» **Data for review**:
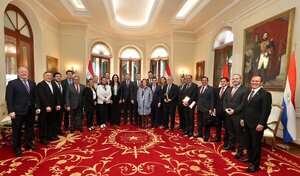 Santiago Peña encabeza su primera sesión del Consejo de Ministros y pide trabajo coordinado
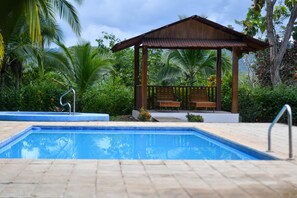 Pool - Tarcoles Birding Lodge (Lagunillas)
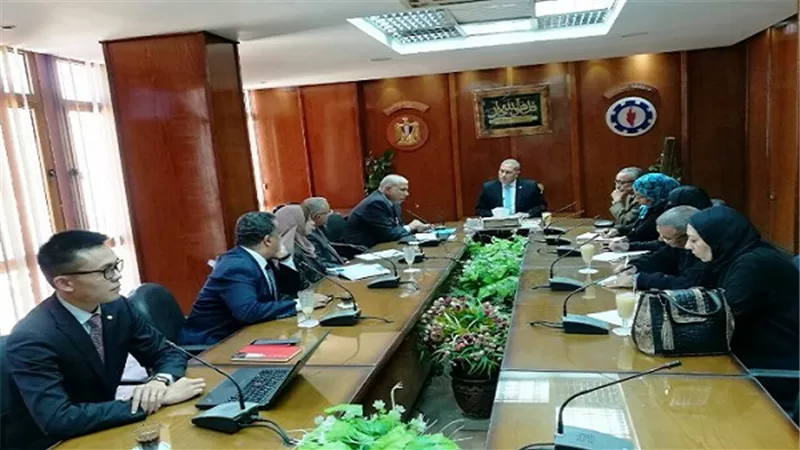محافظ السويس يلتقي بالوفد الصينى المنفذ لأكبر محطة تخزين للطاقة بالشرق الأوسط وإفريقيا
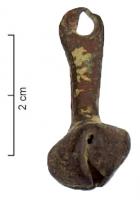 GRT-7002 - GrelotbronzePetit grelot mi-octaédrique, mi-sphérique composé de 4 lobes repliés vers l'intérieur formant la cage emprisonnant la bille ; au sommet, longue et robuste tige aplatie et percée, ou recourbée en crochet pour la suspension. Certains modèles peuvent être dorés, d'autres présenter un décor incisé. 
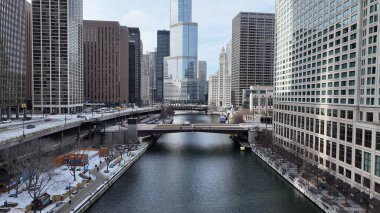 Chicago Riverwalk, Chicago, Illinois, ABD. Şehir merkezinde. Metropolis Manzarası. Illinois 'de Chicago Sahil Yolu. Finans Bölgesi. Çarpıcı Şehir Manzarası.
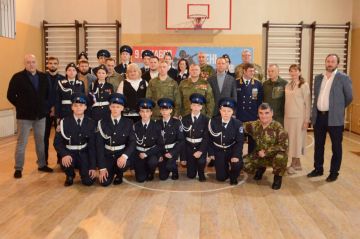 В Донецке состоялась торжественная присяга кадетов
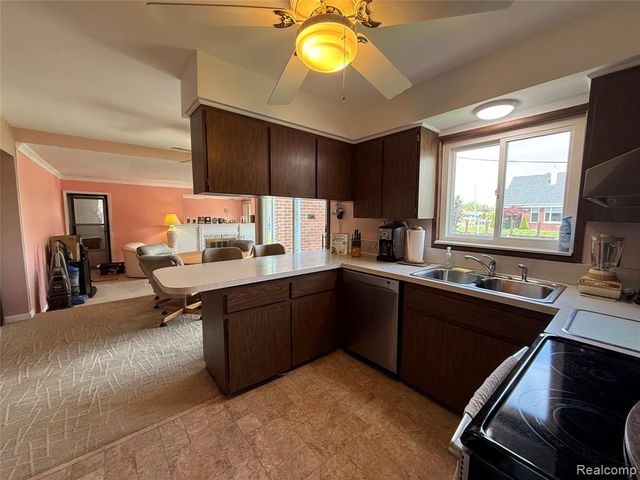 29531 N Seaway Court, Harrison Twp, MI 48045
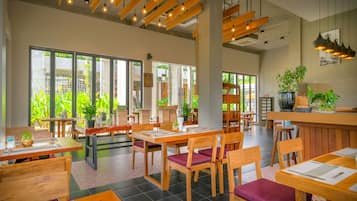 Se sirven desayunos, comidas, cenas y cocina local e internacional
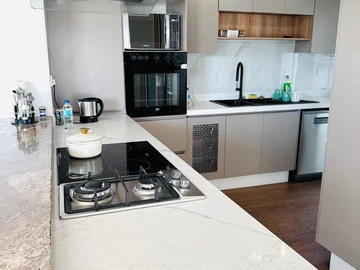 4 Bedroom Flat & Apartment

» **Work item**:
The answer is the lines above from the one with "Pool - Tarcoles Birding Lodge (Lagunillas)" to the one with "29531 N Seaway Court, Harrison Twp, MI 48045", set down exactly, with no pictures.

» **Expected answer**:
 Pool - Tarcoles Birding Lodge (Lagunillas)
محافظ السويس يلتقي بالوفد الصينى المنفذ لأكبر محطة تخزين للطاقة بالشرق الأوسط وإفريقيا
 GRT-7002 - GrelotbronzePetit grelot mi-octaédrique, mi-sphérique composé de 4 lobes repliés vers l'intérieur formant la cage emprisonnant la bille ; au sommet, longue et robuste tige aplatie et percée, ou recourbée en crochet pour la suspension. Certains modèles peuvent être dorés, d'autres présenter un décor incisé. 
 Chicago Riverwalk, Chicago, Illinois, ABD. Şehir merkezinde. Metropolis Manzarası. Illinois 'de Chicago Sahil Yolu. Finans Bölgesi. Çarpıcı Şehir Manzarası.
 В Донецке состоялась торжественная присяга кадетов
 29531 N Seaway Court, Harrison Twp, MI 48045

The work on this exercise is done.